HTHS Weekly: History from the Interweb is a round-up of brand spankin' new history articles, selected by yours truly. Click on the link to be directed to the home site where you can read a professional being professional in their entirety.

Can You Pass A Middle School U.S. History Test? at BuzzFeed
I deed it.

Amal Clooney weighs in on Greek battle for Elgin Marbles at Telegraph

Remember when George Clooney was all hot and bothered over the Elgin Marbles back in February? Well it turns out his new wife, human rights lawyer Amal Alamuddin, shares the same passion.

Remains of Alexander the Great's Father Confirmed Found at Discovery

Macedonian King Philip II was found in Vergina, 100 miles away from the ongoing excavation at Amphipolis which is believed to house Alexander's mother. Phil was assassinated at his daughter's wedding, Red Wedding-style.

Hitler and Meth: How History's Biggest Figures Hid Drug Addictions at Guff

Sigmund Freud, Thomas Edison, Charles Dickens, Benjamin Franklin, and others all used some form of cocaine or heroin. This article might make you want to take drugs. But in a good way? Because "let's face it: Meth can really help you get stuff done."

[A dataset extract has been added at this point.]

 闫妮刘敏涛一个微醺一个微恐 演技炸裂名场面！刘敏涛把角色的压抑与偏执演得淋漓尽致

The Cardiff Giant Fools the Nation, 145 Years Ago at History
In a scheme intended to dupe literal Bible believers, cigar manufacturer George Hull commissioned a 10-foot-tall giant man made of gypsum to give truth to the famous line, "there were giants in the earth those days." Hoping to pass the statue off as a petrified giant, Hull buried the 3,000 pound man on a relative's farm and dug it up a year later, claiming to have unearthed a giant. Astonishment ensued, and after years of cashing in on the giant, Hull's hoax was eventually discovered. It cost 50 cents to see the giant in 1869 (when it was believed to be real). Today, it costs $12.

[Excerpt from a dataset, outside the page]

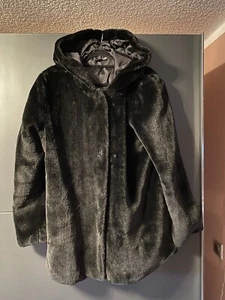 Pelzjacke - Bild 1 von 2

Science is Revealing The Secret Lives of Paintings at All Day
X-rays of what lies underneath layers and layers of paint. 

Divers Excavate Greek Shipwreck Dubbed "Ancient Titanic" at History
The 2,000 year-old shipwreck was discovered 114 years ago off the coast of southern Greece, and it's the gift that keeps on giving.

Viking treasure trove discovered in Scotland at The Guardian
Over 100 artifacts were discovered by a metal-detector-wielding man.